Paul Halpern graduated with honors with a Bachelor of Arts degree in history from the University of Virginia in 1958. He joined the United States Army and served from 1958 to 1960, reaching the grade of first lieutenant. On leaving military service, Halpern earned a Master of Arts degree in history at Harvard University in 1961 and, in 1966, a Ph.D. with a two-volume thesis, "The Mediterranean naval situation, 1912-1914".

==Career==
Halpern spent his entire academic career as Florida State University in Tallahassee, Florida, beginning with his appointed to instructor in history in 1965 and subsequent promotions to assistant professor in 1966, associate professor in 1970, and full professor in 1974. He was named emeritus professor in 2005. In the academic year 1986–87, he served as visiting professor of strategy at the Naval War College in Newport, Rhode Island.

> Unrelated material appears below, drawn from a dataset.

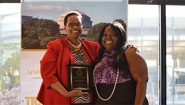 MIT Award Named to Honor Wellesley Associate Provost Robbin Chapman Associate provost Robbin Chapman and La-Tarri M. Canty, director of multicultural programs at MIT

He served on the Council of the Navy Records Society in 1968–72, 1982–86, and 2010–14. In addition, he is a Fellow of the Royal Historical Society, a member of the American Historical Association, Naval Review, U.S. Naval Institute, Friends of the Imperial War Museum, Naval Historical Foundation, Society for Military History, Phi Beta Kappa, and Phi Eta Sigma.

== Honours ==
In describing his career of achievement in publishing six volumes of edited naval documents, "The Annual Report of the Council of the Navy Records Society" noted in 2016 that "Paul Halpern has served the Society notably". "Those who have edited a similar number are a distinguished group: Sir Julian Corbett, Michael Oppenheim, Professor David Syrett, and J. R. Tanner, while only Sir John Knox Laughton (with nine volumes) and the Admiralty Librarian David Bonner-Smith (with eight volumes) have outstripped him."

==Publications==

- The Mediterranean Naval Situation, 1908-1914. Harvard Historical Studies, v. 86 (Cambridge, Ma., Harvard University Press, 1971). ISBN 9780674564626
- The Naval War in the Mediterranean, 1914-1918. (London : Allen & Unwin, 1987).ISBN 9780049400887
- The Royal Navy in the Mediterranean, 1915-1918, edited by Paul G. Halpern. Publications of the Navy Records Society, v. 126 (Aldershot, Hants; Brookfield, Vt.: Published by Temple Smith, Gower Pub. Co., for the Navy Records Society, 1987). ISBN 9780566054884
- The Keyes papers: selections from the private and official correspondence of Admiral of the Fleet Baron Keyes of Zeebrugge, edited by Paul G. Halpern. Publications of the Navy Records Society, v. 117, 121, 122 (London : Published by Allen & Unwin for the Navy Records Society, 1972–1981). ISBN 9780049421653
- A Naval history of World War I. (Annapolis, Md.: Naval Institute Press, 1994). ISBN 0870212664
- Anton Haus: Österreich-Ungarns Grossadmiral (Graz: Styria, 1998). ISBN 9783222125676
- The Battle of the Otranto Straits: controlling the gateway to the Adriatic in World War I. (Bloomington: Indiana University Press, 2004).ISBN 0253343798
- The Mediterranean Fleet, 1919-1929. Navy Records Society publications, v. 158 (Farnham, Surrey, and Burlington, Vt.: Ashgate Pub. Co., 2011). ISBN 9781409427568
- The Mediterranean Fleet, 1930-1939. Navy Records Society publications, v. 163 (Farnham, Surrey, and Burlington, Vt.: Ashgate Pub. Co., 2016).